OPIAS: Over-Personalization in Information Access Systems
Pınar Barlas, Kyriakos Kyriakou, Antrea Chrysanthou, Styliani Kleanthous, & Jahna Otterbacher
OPIAS [doi] is a suite of tools exploring Over-Personalization in Information Access Systems. A previous tool demonstrated filter bubbles on search engines; the current tool demonstrates the (over-)personalization process and the resulting filter bubbles on social media, mimicking the widely-popular platform Facebook. Both demos can be tailored for any topic, point of view, or audience, and used for conducting research.
User walkthrough (Front end)
Introduction page:
Information on the creators, the purpose, and the privacy policy of the demo, along with a consent form, required for initiating the demo.
Home page:
> Italic text below indicates a feature that can be edited by the administrator.
Replicates the interface of Facebook. In our example setup, the user will come across two informative posts shared by friends; a link explaining what nuclear energy is, and an image showing examples of genetically modified organisms (GMOs). There are comments on each post, some in support of the subject matter and some against it; one person comments that “it’s great GMOs allow us to grow more crops per year” (supporting), while another comments that “people are getting poisoned by eating vegetables grown from GMOs” (against).
When the user ‘likes’ a comment or a post, the user model is updated with the ‘liked’ point of view and our recommendation algorithm chooses the next post accordingly. If the user ‘likes’ a comment against GMOs, the next post that loads is one expressing a negative view about GMOs. The user sees and interacts with two more posts before the page stops scrolling with a button to ‘finish & see an explanation’.
User’s possible paths through the demo; blue arrows indicate the actual path taken by the user in the example, and the full-opacity boxes represent the posts seen by the user.
Research Question pages:
Admin may include a page with questions before and/or after the Home page, if the demo is used for research.
Explanation page:
Displays each post that the user interacted with, and for each, how the user’s action (‘like’) affected the user model, and from there how the next post on their feed was chosen.

We then display the posts that were hidden from the user by the recommendation algorithm. These are the posts from the ”opposite” point of view on that topic (supporting GMOs) and all posts from the topics with which the user did not interact (nuclear energy).

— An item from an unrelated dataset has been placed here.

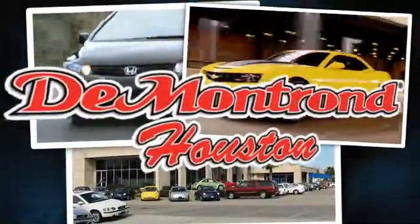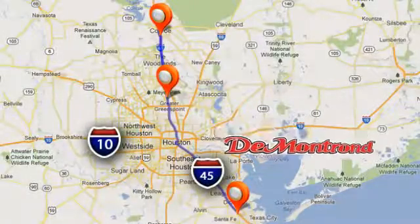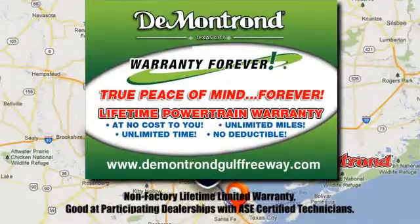Take it for a test drive today. At Demontron, you are our top priority. Located all around Houston, Demontron is the home of warranty forever. Call, click, or come by today.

Finally, we also provide further information on over-personalization and basic tips for increased user control on social media.
Researcher walkthrough (Admin panel)
The admin can tailor the user’s experience. For example the admin can:
- hide/show, add, edit, or delete topics (e.g. nuclear energy, GMOs).

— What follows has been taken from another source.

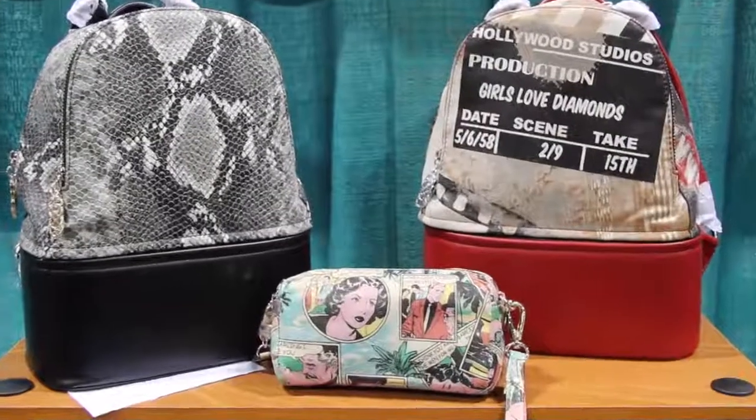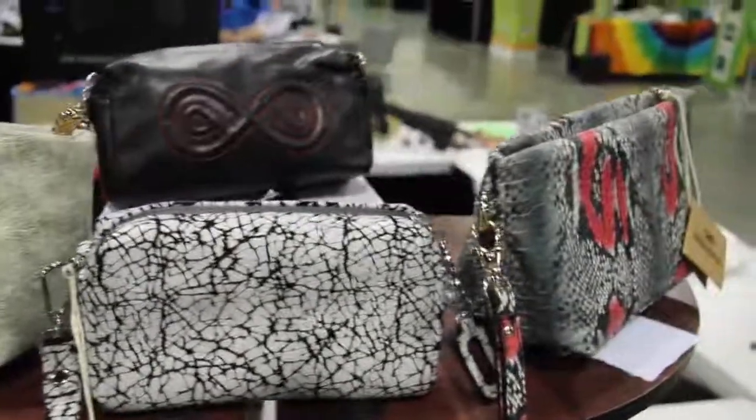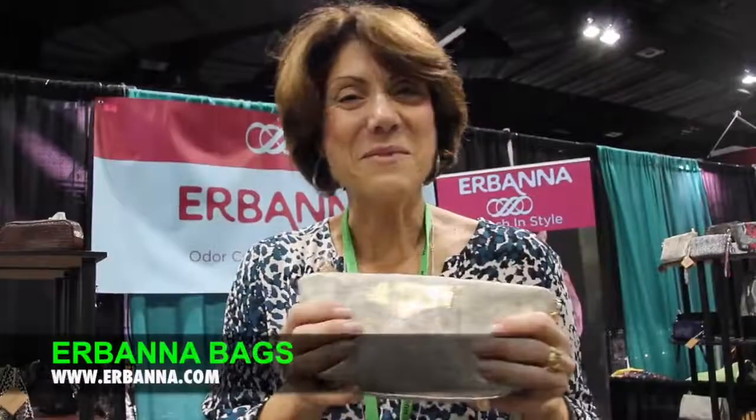They come in about seven different sizes, a ton of colors, and leather and non-leather options. They look great — nobody's going to know unless you want them to know. Keep it discreet. Go to www.urbana.com for your bag.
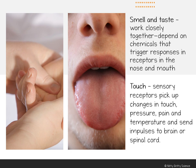Your skin is the largest sense organ, and unlike vision, hearing, smell, and taste, the sense of touch is not found in just one specific place on your body but in fact covers the entire area of your skin. Your skin contains different kinds of touch receptors that respond to stimuli.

- hide/show, add, edit, or delete posts (links or images) within topics.
- hide/show, add, edit, or delete each post’s comments.

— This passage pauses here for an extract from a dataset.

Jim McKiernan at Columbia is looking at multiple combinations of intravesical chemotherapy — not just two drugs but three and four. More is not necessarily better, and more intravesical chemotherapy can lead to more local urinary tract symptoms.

- ”enforce extremism” by hiding comments that disagree with a post. This disables the opportunity for the user to see the ‘opposite’ point of view after Stage 1 and locks them into the view that they interacted with first.
- set the total number of posts seen by the user (called ‘stages’).
- hide/show, add, edit, or delete a research study.
- hide/show, add, edit, or delete questions within a research study.
- download interaction data and answers to the research questions.
- hide/show, add, edit, or delete ”dummy posts” meant to simulate a real social media feed.
- toggle the ‘clickable links‘ feature, (dis)allowing the link posts to lead to static pages.
- add, edit, or delete accounts that can access the admin panel.